Problem description> Quote the listing below in full and exactly as written, but omit every picture.
Top of Data provided
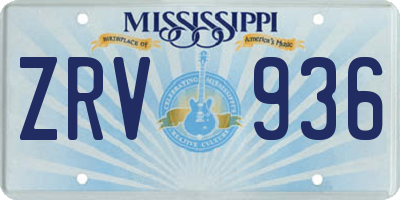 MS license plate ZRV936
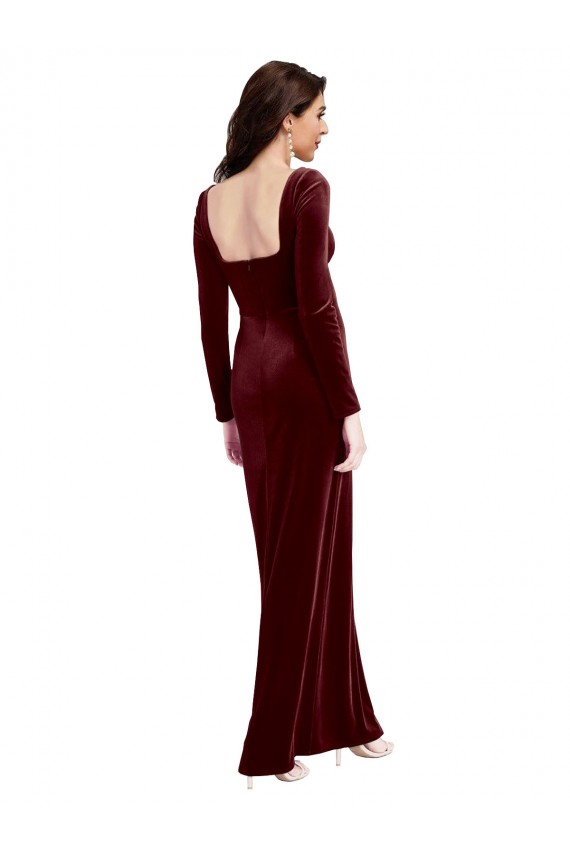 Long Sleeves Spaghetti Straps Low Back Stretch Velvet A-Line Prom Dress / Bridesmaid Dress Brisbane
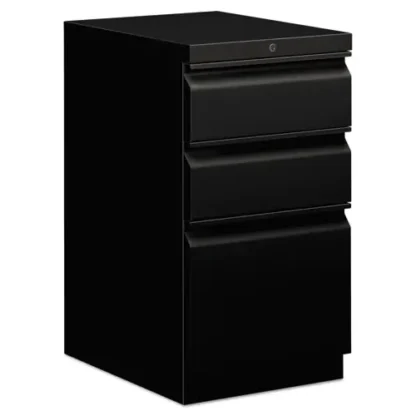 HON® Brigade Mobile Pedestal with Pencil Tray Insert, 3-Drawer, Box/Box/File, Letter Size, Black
Bottom of Data provided
Solution>
 MS license plate ZRV936
 Long Sleeves Spaghetti Straps Low Back Stretch Velvet A-Line Prom Dress / Bridesmaid Dress Brisbane
 HON® Brigade Mobile Pedestal with Pencil Tray Insert, 3-Drawer, Box/Box/File, Letter Size, Black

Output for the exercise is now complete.